Şehir turundan sonra serinlemek için plaja gittik ama yosunlu deniz iştahımızı kapattı. Antalya' dan gelen arkadaşı her denize sokmak mümkün olmaz. O yüzden kısa bir şehir turu ve fotoğraf çekiminden sonra terminale gidip yola koyulduk.
Kotor,Budva birbirine çok yakın. Birisini merkez üssü yapıp diğerlerini gezebilirsiniz. Başkent Podgorica için çok güzel paylaşımlar görmediğim için listenin dışında bıraktık. Zaten denizi olan bir ülkenin sahillerini gezmek daha akıllıca ve de eğlenceli
Balkanlar için söyleyebileceğim son şey denizinden ve doğa güzelliğinden dolayı Hırvatistan adalarını ve Karadağ sahil kısmını gezi listesinizin ilk sırasına alın derim.
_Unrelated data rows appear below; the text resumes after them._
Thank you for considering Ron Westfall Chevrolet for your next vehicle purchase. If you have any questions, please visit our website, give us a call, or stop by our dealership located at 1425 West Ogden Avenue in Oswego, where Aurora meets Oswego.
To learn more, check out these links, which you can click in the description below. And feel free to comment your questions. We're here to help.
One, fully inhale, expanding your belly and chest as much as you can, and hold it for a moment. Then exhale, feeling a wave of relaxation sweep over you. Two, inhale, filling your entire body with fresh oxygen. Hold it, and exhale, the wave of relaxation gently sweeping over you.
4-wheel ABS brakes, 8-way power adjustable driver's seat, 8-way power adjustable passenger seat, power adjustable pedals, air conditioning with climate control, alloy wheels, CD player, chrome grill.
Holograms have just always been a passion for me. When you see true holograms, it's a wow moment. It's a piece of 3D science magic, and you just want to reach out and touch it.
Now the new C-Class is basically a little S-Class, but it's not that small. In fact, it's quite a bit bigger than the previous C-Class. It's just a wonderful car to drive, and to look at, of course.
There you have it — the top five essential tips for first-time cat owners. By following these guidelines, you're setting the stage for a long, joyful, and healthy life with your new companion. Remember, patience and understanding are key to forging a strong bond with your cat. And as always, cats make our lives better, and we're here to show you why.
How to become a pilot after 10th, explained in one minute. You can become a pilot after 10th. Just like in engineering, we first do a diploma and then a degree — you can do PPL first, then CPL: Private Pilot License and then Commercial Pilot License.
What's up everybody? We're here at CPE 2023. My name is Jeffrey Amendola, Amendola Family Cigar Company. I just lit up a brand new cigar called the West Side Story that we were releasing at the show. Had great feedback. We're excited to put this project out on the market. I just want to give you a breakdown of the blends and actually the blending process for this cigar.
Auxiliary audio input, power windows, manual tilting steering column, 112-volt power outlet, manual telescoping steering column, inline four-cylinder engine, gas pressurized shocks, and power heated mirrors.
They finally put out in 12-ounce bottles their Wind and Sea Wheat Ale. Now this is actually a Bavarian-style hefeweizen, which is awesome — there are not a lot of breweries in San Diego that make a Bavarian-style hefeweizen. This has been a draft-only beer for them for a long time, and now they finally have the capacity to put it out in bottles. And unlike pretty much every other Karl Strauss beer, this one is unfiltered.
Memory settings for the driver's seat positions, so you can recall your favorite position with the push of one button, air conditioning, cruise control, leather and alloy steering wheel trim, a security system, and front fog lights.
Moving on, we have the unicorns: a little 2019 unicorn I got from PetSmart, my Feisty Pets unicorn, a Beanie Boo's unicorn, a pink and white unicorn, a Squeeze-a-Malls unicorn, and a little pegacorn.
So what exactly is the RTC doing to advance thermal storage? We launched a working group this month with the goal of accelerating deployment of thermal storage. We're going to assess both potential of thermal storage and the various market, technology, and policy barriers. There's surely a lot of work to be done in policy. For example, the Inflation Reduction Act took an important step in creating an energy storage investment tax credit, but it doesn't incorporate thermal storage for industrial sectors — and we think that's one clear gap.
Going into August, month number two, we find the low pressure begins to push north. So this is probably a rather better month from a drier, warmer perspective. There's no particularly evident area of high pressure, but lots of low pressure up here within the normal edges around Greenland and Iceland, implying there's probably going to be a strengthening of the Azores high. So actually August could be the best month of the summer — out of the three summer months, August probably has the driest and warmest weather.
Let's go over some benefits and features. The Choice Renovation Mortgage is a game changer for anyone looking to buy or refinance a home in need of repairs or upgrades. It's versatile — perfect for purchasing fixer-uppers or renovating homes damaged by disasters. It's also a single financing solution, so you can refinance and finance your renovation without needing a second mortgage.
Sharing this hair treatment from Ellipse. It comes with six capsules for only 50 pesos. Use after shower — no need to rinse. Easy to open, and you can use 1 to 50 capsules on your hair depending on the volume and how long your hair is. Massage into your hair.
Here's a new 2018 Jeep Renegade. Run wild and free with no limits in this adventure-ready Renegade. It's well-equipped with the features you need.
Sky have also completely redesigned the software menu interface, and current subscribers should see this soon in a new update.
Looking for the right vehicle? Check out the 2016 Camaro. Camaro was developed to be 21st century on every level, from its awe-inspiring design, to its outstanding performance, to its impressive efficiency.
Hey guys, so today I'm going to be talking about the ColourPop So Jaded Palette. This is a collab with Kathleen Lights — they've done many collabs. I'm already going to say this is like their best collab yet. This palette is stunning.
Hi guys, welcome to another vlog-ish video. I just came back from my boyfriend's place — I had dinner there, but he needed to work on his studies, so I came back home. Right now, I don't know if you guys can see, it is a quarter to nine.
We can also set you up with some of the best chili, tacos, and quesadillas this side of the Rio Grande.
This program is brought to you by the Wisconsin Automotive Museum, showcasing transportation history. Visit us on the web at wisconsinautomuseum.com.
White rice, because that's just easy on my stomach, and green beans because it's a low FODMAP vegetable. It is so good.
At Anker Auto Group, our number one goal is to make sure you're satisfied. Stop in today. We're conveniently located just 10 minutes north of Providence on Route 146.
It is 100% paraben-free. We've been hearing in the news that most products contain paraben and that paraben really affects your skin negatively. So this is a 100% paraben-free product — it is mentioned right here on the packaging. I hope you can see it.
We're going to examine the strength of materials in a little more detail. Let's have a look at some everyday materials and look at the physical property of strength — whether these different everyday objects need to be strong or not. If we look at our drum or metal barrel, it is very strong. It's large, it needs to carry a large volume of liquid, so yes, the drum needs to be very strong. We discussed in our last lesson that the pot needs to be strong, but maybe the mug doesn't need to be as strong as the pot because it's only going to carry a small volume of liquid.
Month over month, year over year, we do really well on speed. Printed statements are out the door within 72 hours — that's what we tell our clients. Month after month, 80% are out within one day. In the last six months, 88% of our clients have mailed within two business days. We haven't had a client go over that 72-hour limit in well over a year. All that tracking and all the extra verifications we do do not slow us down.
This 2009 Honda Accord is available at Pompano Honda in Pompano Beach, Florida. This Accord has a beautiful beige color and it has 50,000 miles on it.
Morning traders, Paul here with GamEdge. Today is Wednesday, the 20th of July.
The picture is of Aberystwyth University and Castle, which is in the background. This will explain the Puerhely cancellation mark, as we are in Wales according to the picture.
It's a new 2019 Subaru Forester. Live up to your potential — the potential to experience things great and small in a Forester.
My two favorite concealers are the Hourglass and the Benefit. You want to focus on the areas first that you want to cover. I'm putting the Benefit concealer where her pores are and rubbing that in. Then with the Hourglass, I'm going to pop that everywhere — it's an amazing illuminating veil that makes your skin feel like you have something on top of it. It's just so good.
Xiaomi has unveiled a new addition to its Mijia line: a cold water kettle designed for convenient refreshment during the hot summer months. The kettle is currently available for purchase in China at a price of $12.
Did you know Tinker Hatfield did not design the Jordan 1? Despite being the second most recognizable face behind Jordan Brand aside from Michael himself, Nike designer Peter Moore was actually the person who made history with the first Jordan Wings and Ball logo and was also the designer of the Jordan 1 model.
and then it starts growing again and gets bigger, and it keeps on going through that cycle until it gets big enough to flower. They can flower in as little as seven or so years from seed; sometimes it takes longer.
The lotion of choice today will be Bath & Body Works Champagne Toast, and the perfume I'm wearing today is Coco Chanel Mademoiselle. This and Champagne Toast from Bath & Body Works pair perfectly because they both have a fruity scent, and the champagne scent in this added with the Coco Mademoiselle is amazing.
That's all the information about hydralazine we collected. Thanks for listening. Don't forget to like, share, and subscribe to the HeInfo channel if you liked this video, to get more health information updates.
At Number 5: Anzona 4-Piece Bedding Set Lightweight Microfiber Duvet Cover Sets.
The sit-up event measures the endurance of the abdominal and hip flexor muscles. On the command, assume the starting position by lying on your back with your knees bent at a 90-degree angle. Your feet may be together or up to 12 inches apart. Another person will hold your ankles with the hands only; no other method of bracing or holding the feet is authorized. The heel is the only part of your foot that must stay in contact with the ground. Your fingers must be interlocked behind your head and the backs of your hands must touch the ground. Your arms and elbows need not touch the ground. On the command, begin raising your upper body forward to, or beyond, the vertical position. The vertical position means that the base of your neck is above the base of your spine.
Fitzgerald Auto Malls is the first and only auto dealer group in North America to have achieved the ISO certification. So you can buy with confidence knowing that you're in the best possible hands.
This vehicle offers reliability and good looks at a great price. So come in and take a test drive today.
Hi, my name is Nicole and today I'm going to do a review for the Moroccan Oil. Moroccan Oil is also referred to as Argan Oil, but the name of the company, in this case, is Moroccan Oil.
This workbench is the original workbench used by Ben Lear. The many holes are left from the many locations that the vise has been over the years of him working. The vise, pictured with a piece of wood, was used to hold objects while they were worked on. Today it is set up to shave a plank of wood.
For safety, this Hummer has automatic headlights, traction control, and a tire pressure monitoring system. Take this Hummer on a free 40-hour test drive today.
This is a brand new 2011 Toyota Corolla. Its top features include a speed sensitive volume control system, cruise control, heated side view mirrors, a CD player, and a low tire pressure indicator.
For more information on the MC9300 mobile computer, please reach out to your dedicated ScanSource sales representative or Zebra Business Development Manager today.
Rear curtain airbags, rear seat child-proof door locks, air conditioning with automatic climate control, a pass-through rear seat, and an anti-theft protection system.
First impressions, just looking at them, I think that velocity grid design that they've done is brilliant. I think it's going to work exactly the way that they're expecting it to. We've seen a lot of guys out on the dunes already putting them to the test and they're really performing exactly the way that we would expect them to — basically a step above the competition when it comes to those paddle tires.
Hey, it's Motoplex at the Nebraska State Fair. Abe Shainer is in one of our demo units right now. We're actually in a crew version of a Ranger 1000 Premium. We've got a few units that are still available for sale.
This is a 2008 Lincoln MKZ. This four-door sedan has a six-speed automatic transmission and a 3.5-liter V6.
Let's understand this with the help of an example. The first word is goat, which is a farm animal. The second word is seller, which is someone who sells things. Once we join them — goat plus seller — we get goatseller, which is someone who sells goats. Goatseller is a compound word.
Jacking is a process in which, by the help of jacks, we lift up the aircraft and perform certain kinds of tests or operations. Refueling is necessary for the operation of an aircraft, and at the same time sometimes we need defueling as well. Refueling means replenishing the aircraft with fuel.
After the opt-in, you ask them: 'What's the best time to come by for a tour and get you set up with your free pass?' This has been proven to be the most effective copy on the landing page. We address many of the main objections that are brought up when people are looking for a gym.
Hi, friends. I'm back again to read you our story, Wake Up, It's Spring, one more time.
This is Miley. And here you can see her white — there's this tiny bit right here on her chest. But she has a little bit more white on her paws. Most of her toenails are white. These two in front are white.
Haziran ayında Balkanlarda yaptığım geziyi Taksim Gezi eylemlerinin ilk yıl dönümünden dolayı her bir yazıyı birilerine adadım. Karadağ denizinin renginden dolayı Mehmet İstif'e adamak istedim. Onunla ilk tanıştığımda iri mavi gözleri dikkatimi çekmişti. Gezerken de hep aklımdaydı. Mücadelesini tamamlayamadan hayata o güzel gözlerini kapatan Mehmet'in amacı biber gazının yasaklanmasıydı. Bununla ilgili yasal mücadele için iyileşmeyi bekliyordu. Ama Soma'da yüzlerce madencinin toprak altında kaldığı gün o da vefat etti. Şimdi gazın yasaklanması için mücadele etmeye devam etmeli. İlk öldürülen Mehmet değildi ama son olmalı.